The NASCAR racing cars roared through Chicago city streets on Sunday reaching speeds of well over 100 miles an hour. Watching from a 20th-floor apartment overlooking the city while sharing kosher food and words of Torah were members of the city’s South Loop Jewish community who had gathered in the home of Mushky and Rabbi Mordechai Gershon, co-directors of Chabad-Lubavitch Jewish Center of South Loop.
Among those attending was Eileen Libby, who said that initially, she and many of her neighbors had been opposed to having the race in the city, as many streets were closed to residents over the weekend. Watching the race, though, she found herself caught up in the excitement. Plus, she said, “I’m always in favor of Jewish get-togethers, to have the Jewishness in common, along with kosher food and a l’chaim. I’m in favor of that,” she said. Plus, there were the great views of most of the race course from high above the city.
Sunday was the first time that NASCAR (The National Association for Stock Car Auto Racing), an American auto racing sanctioning and operating company best known for its stock-car races, held a national race on city streets in the United States, so the Gershons’ opened their home for an event they called “NASCAR Watch Party and the Kabbalah of Cars.” The program also included tefillin for the men and a Zoom discussion with two Jewish reporters who cover NASCAR.
Seth Eggert, a staff writer for Kickin’ the Tires website, and Lewis Franck, a motorsports contributor for Reuters, talked about Jewish involvement in NASCAR, acknowledging that historically, some fans have held antisemitic views.
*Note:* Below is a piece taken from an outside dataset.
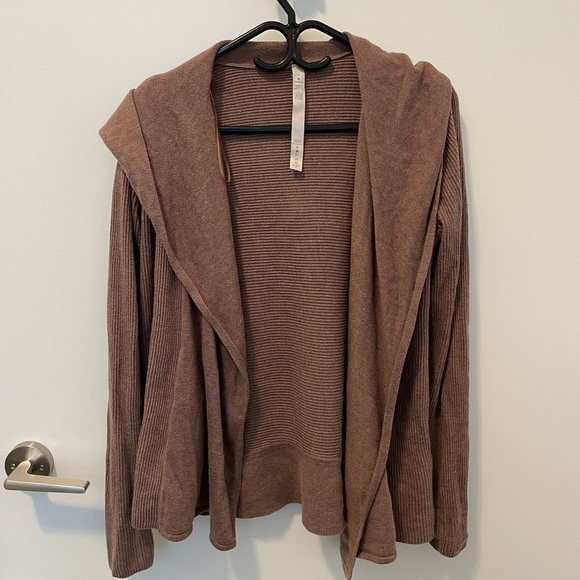 Lululemon Cardigan - Picture 1 of 3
Yet today, they said, the president of a major racing group is Jewish, and there are a number of Jewish NASCAR drivers, including Israeli Alon Day, who participated in the competition’s Euro series.
As the race was underway, the rabbi shared a thought about the connection between cars and people. “A car is but a vehicle for transport, controlled by its driver. Our bodies are vehicles for action and momentum,” he said, asking, “Who sits in our driver’s seat?”
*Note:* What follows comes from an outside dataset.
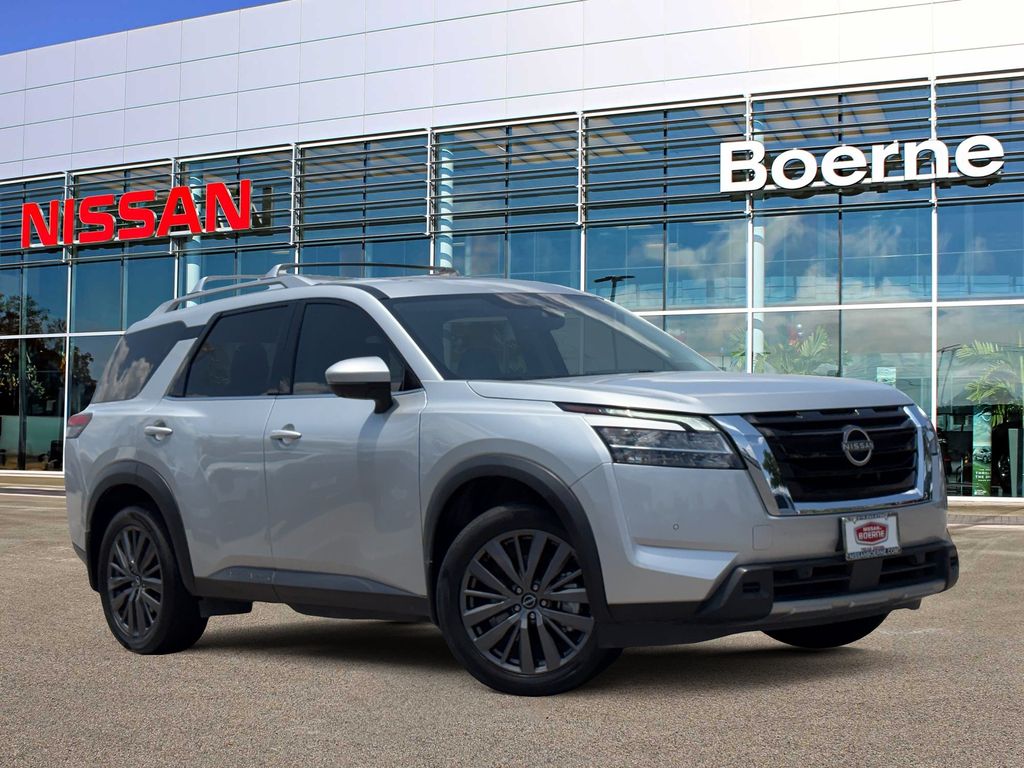 Brilliant Silver Metallic 2023 Nissan Pathfinder SUV / Crossover Front-Wheel Drive 9-Speed Automatic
For Bonnie McGrath, who lives in the neighborhood and whose 96-year-old mother is a “huge” NASCAR fan, it was a chance to experience the racing for herself.
“My mother was enormously involved in NASCAR when she was younger; she knew all the drivers, but I never knew any other Jewish people who were into that,” she said, adding that she was pleasantly surprised to learn about other Jews who loved NASCAR as much as her mother.
But, she said, it wasn’t just the race that drew her to the watch party.
“Anything the rabbi invites us to we go to,” McGrath said. “I love that he is bringing the Jews of the neighborhood together. Some of us aren’t religious, but as I’ve grown older, I’m very defensive of my Jewish heritage. Other ethnic groups are so proud of their heritage and tout it everywhere, and I thought I’m going to do that as well.”